## What you are asked to do
From the line containing "Glasplatte für Glaskeramikkochfeld" down to the last line of the listing, quote everything word for word, and nothing else, keeping pictures out.

## Information shown
•••

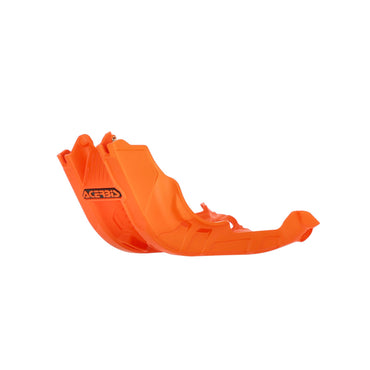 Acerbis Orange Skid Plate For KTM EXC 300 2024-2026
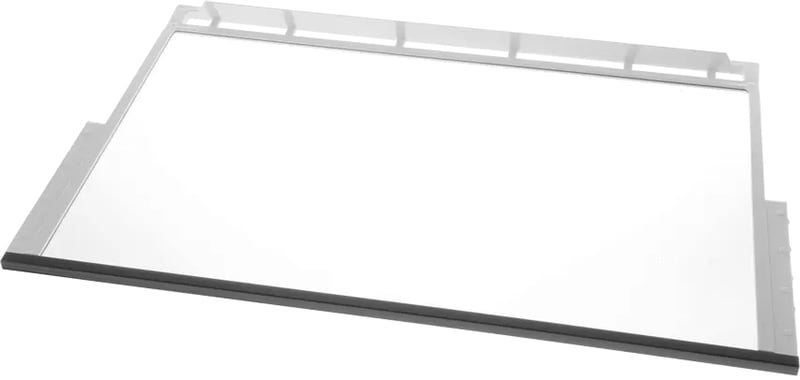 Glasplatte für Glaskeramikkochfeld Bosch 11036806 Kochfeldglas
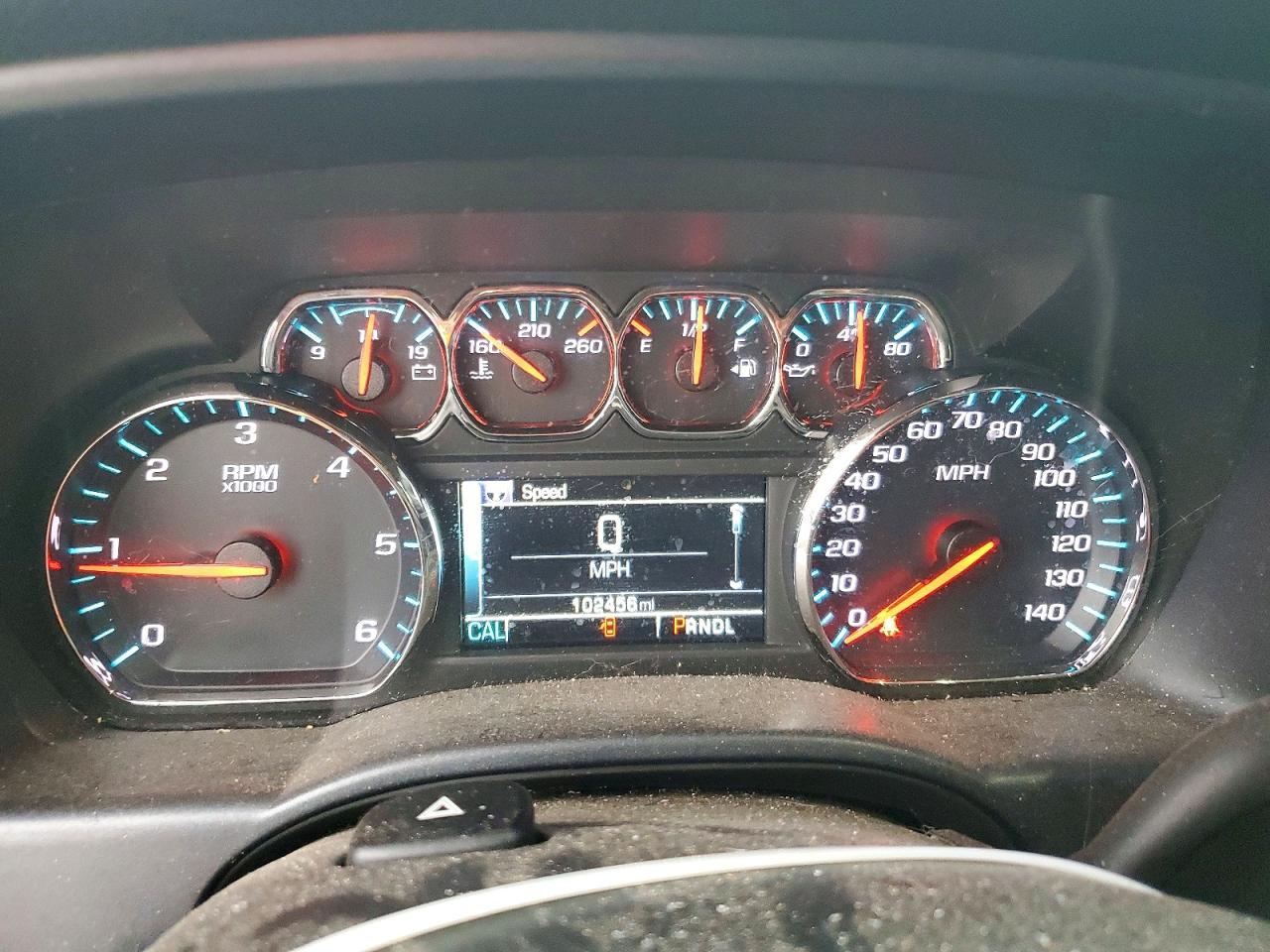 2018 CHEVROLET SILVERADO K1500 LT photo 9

•••

## Problem solution
 Glasplatte für Glaskeramikkochfeld Bosch 11036806 Kochfeldglas
 2018 CHEVROLET SILVERADO K1500 LT photo 9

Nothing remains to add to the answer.